--- Task requirements ---
The required answer is an exact copy of every line from the beginning of the entries through the line with "Archivo:Dominio de las proteínas STATs.png", with all pictures omitted.

Input for this task: Begin

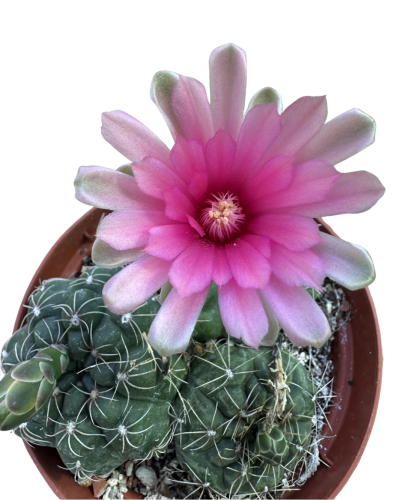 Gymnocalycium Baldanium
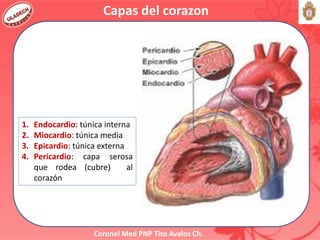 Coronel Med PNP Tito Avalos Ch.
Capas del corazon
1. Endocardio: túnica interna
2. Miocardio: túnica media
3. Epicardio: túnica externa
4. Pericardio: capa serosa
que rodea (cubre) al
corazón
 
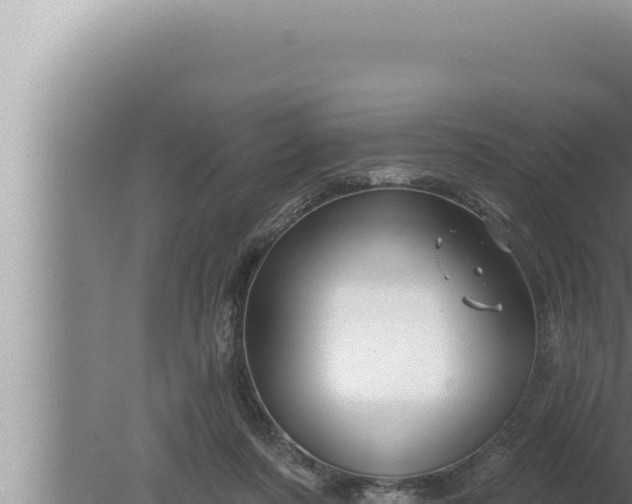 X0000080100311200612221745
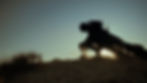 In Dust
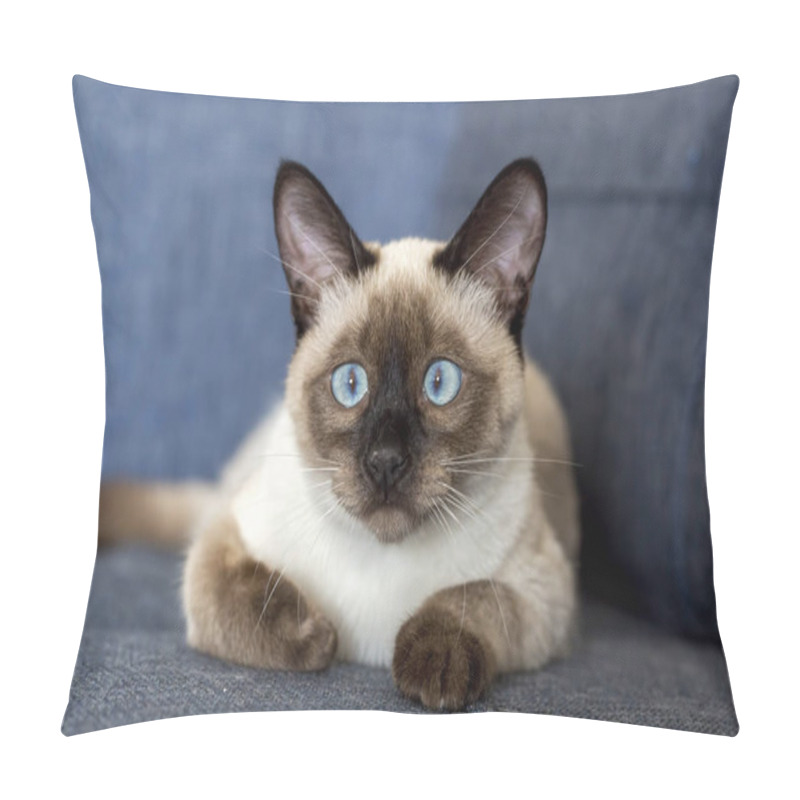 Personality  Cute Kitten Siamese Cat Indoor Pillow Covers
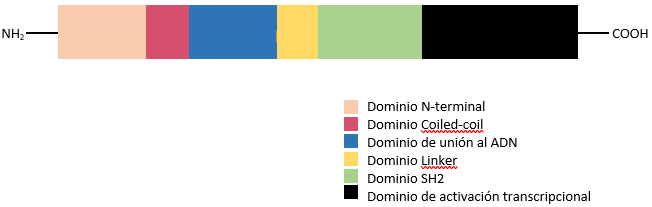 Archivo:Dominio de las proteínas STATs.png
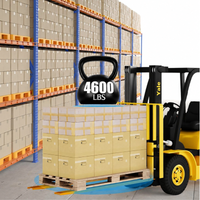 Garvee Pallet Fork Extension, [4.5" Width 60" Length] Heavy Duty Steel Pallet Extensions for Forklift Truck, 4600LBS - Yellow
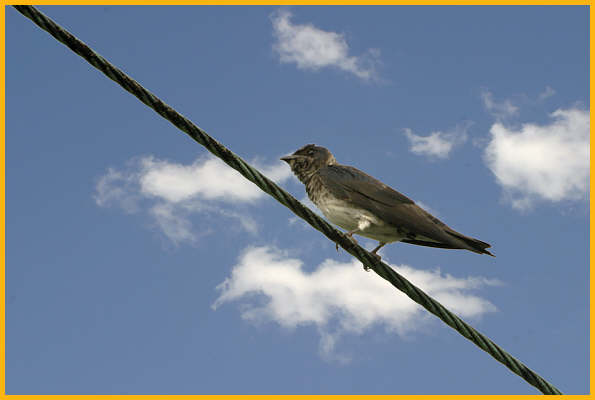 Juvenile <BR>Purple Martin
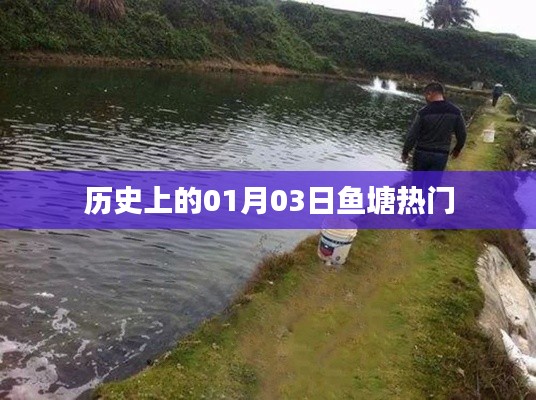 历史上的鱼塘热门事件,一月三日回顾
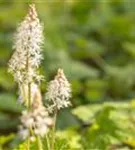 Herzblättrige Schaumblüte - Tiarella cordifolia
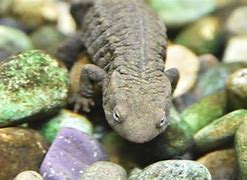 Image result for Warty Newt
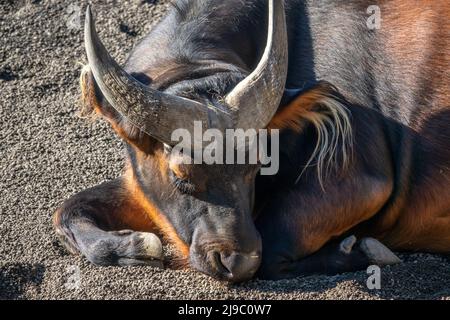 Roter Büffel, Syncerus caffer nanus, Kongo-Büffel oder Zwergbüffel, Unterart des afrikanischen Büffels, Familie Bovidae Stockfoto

Input for this task: End

--- Answer for the task ---
 Gymnocalycium Baldanium
 Coronel Med PNP Tito Avalos Ch.
Capas del corazon
1. Endocardio: túnica interna
2. Miocardio: túnica media
3. Epicardio: túnica externa
4. Pericardio: capa serosa
que rodea (cubre) al
corazón
 
 X0000080100311200612221745
 In Dust
 Personality  Cute Kitten Siamese Cat Indoor Pillow Covers
 Archivo:Dominio de las proteínas STATs.png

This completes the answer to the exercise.